La presse au Tibet relaie les accusations très violentes des autorités, notamment la "lutte à mort (contre) la clique du dalaï lama" qualifié de "loup dans une robe de moine", lancée par le dirigeant du Parti communiste au Tibet, Zhang Qingli, le 19 mars. Et le dirigeant communiste tibétain, Raidi, a qualifié d'irresponsable la couverture des médias étrangers. Tandis que la chaîne gouvernementale Lhasa TV diffuse des images des "meneurs" des manifestations, l'agence de presse officielle Xinhua a affirmé que plus de cent manifestants, qualifiés d'émeutiers, se sont rendus aux autorités. Selon un journaliste de Shanghai interrogé par Reporters sans frontières, les médias chinois ont reçu l'ordre du Département de la propagande d'utiliser exclusivement les informations de Xinhua pour parler de la situation au Tibet.

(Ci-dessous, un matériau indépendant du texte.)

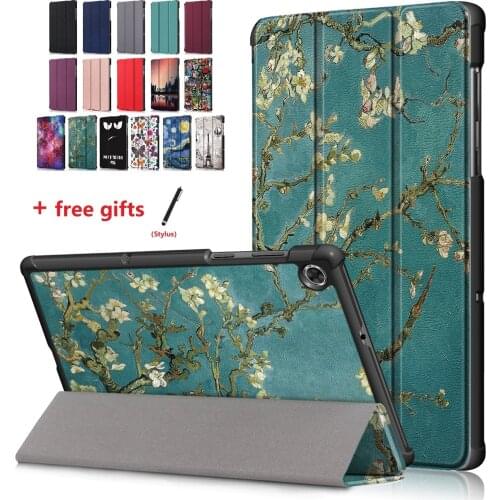10.1" Case Pu Leather Cover for Fundas Lenovo M10 HD 2nd Gen TB-X306X X606F X505F X605F Auto Wake/Sleep Stand with Soft Film+Pen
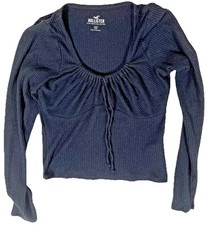 Hollister Abercrombie Feminino Top Babydoll Médio Y2K Preto Gravata Sedutora Frente, usado comprar usado  Enviando para Brazil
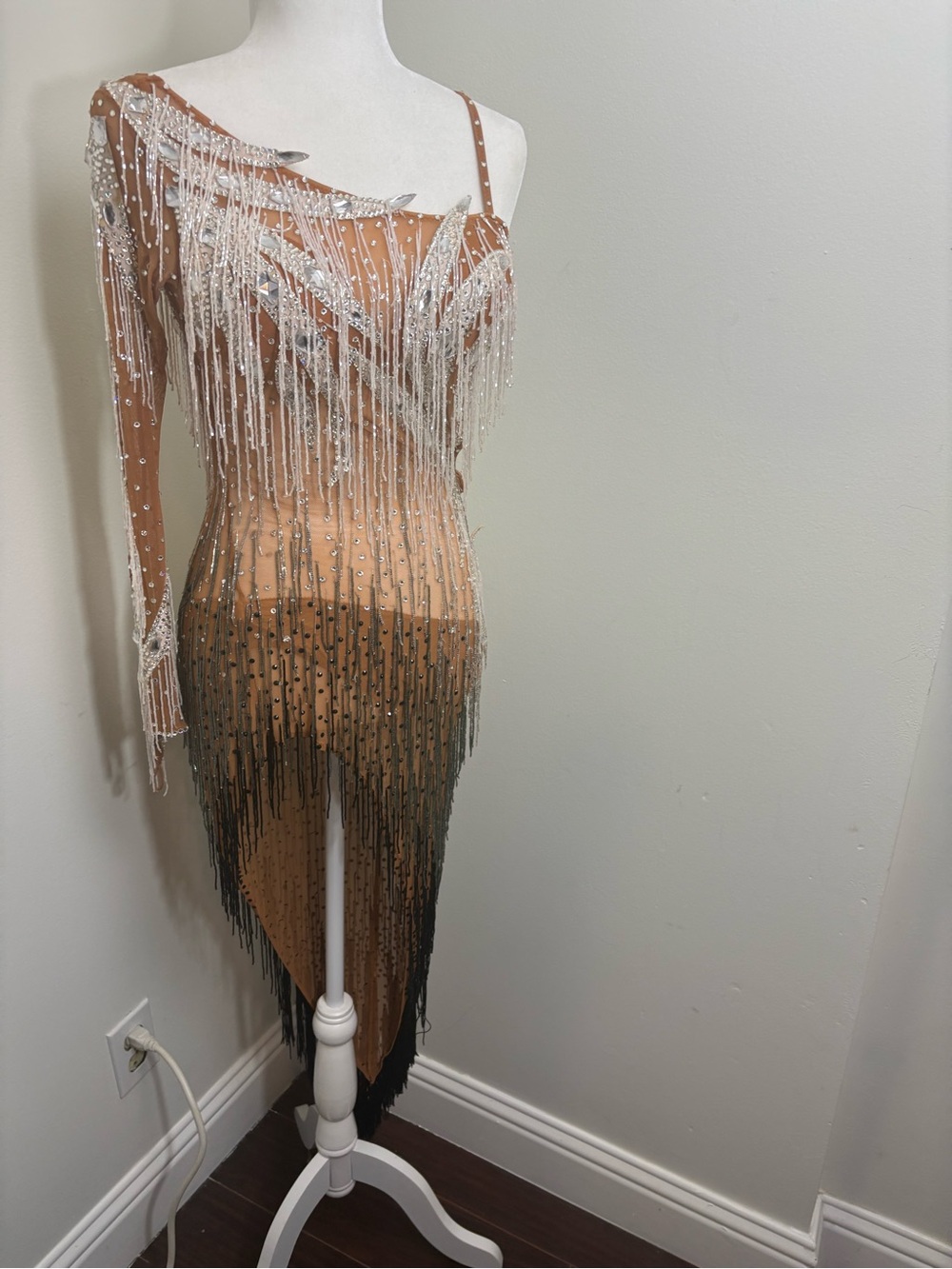 Latin Ballroom Competition Dress Black White Beaded Fringe Small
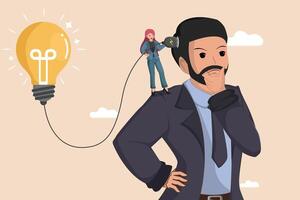 Connecting to Inspiration. A Businesswoman Plugging a Lightbulb into a Man's Head, Symbolizing Idea Generation. vector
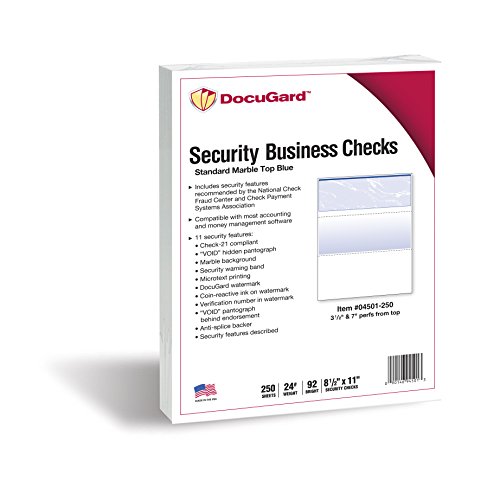 DocuGard Standard Blue Marble Top Check, 24 Pound, 8.5 x 11 Inches, 250 Sheets (04501-250)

Enfin, le brouillage des radios internationales s'est accru depuis le début des manifestations. Selon le directeur de Voice of Tibet interrogé par l'organisation, les autorités chinoises ont multiplié leurs efforts pour empêcher les populations d'écouter leurs programmes, grâce à plus d'une centaine de petites stations de brouillage installées près des villes. Comme l'avait constaté Reporters sans frontières au Tibet en 2006, les autorités diffusent des programmes en chinois et des bruits sourds, notamment de tambour et d'avion, sur la même fréquence que les radios en tibétain basées à l'étranger. Voice of Tibet, basée en Inde, a augmenté de deux heures ses programmes à destination du Tibet.